Bitcoin mining consists in validating the transactions of this cryptocurrency and recording them on the blockchain. The process used, called "Proof of work", is fundamental to the Bitcoin philosophy, as it secures the system and ensures that all users act correctly.
The Bitcoin miner provides the computing power of his computer equipment, which will solve the mathematical problems to validate the transactions. By performing this operation, the blockchain takes on the role of a trusted third party. Let's take an example to illustrate this process. When you send money from your bank account to another bank account, it is the bank that plays the role of the trusted third party. In the blockchain system, it is this technology that takes on this role - through miners validating the transaction. Let's now take a look at how a transaction is entered into the blockchain.
First of all, a bitcoin transaction occurs between two users. This transaction will be directly integrated into a block which will be verified by the miners in order to attest its validity. The transaction will be added to other transactions in a block until it contains a maximum of 1MB of transactions (the average time to fill a block is 10 minutes). Then the miners, using their super-powerful equipment, will solve the "hash" (mathematical function) by searching for and finding the solution to the complex mathematical problem to validate the block. Finally, the new block is added to the blockchain and thus spread throughout the network. By validating this block, the miners are paid in bitcoins.
Now you have to ask yourself to what extent the miners are paid. We will not discuss whether it is profitable to mine bitcoin, because to do so you have to take into account different factors such as the cost of the hardware and its consumption, the average cost of electricity and the hash rate of bitcoin. This will be the subject of a future article. Here we will present how miners are paid.
As you can see, miners are paid for solving cryptographic puzzles by adding a new block to the blockchain. The first miners could receive 50 bitcoins per block, but this offer is reduced by half every 210,000 new blocks (every 4 years or so). This is called bitcoin halving. The last bitcoin halving took place on May 11, 2020, reducing the reward from 12.5 bitcoins per block to 6.25 bitcoins per block. Thus miners see their amount of bitcoin reward reduced over time. This scheme will allow the maximum number of bitcoin in circulation to be reached by 2140, a number of 21 million units as originally planned by the anonymous creator(s) of bitcoin, Satoshi Nakamoto. Note that, miners also receive part of their remuneration from the transaction fees paid by users.
You may think that the decrease in the amount of bitcoins distributed to miners leads to a drop in efforts on mining.
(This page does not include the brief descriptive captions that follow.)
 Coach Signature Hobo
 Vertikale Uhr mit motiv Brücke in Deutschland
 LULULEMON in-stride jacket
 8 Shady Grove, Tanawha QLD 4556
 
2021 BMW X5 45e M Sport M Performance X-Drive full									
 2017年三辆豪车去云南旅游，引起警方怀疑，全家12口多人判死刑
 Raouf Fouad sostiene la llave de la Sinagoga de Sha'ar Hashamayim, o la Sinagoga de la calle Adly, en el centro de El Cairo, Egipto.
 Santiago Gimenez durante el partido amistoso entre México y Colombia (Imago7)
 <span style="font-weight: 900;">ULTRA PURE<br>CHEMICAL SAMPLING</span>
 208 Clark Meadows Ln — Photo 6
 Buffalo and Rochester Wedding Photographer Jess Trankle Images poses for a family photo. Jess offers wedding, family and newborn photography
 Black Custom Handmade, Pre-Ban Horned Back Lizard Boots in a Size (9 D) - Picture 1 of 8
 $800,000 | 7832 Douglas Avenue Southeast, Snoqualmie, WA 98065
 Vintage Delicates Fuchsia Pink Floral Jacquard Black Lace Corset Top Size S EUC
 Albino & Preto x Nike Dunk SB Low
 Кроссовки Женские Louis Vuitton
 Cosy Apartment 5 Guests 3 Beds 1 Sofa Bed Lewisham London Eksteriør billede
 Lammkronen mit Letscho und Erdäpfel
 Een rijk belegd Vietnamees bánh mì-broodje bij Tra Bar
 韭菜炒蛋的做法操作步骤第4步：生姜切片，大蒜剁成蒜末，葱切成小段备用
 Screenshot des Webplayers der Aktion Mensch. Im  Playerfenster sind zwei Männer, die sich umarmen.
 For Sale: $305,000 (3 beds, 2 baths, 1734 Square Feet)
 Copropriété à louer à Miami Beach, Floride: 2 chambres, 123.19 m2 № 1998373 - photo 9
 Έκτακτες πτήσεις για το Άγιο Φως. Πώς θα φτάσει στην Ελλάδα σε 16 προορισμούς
But the increase in bitcoin price over time compensates this.
Let's take an example:
Bitcoin on January 1, 2012 is worth $5.30 with a distribution of 50 bitcoins per block.
Calculation: 50 x $5.30 = $265
Bitcoin on January 1, 2021 is worth $30,000 with a distribution of 6.25 bitcoins per block.
Calculation: 6.25 x $30,000 = $187,500
These figures do not include the cost of mining, price fluctuation and the hash rate of bitcoin.
You may wonder if bitcoin halving, the famous reduction of bitcoin distributed to miners, has any influence on the bitcoin price. Nothing better than a graph to visualize its effects:
The halving of the amount of new bitcoins generated per block as a result of bitcoin halving, has had a considerable accelerating effect on the price of the king of cryptos in the past. This is because in traditional markets, if supply decreases but demand remains stable, prices rise. During the reduction of new bitcoins created as a result of bitcoin halving, prices have tended to rise sharply. The price increase following bitcoin halving in 2012 and 2016 resulted in an acceleration of several thousand percent. It is too early to draw conclusions about the one in 2020. We must also remember that what happened in the past will not necessarily happen again in the future.
We have seen how the "Proof of Work" protocol works for bitcoin mining, the relationship of bitcoin halving with the miners' remuneration as well as the repercussion of this phenomenon on the digital currency's prices. The bitcoin miner is not so different from the precious metal miner. Only the modern miner does not use his pickaxe as hardware but the power offered by computers to obtain fragments of digital currency. We will devote an article to the alternatives of the "Proof of work" protocol (which raises many debates on the energy issue in particular) operating with a different remuneration system.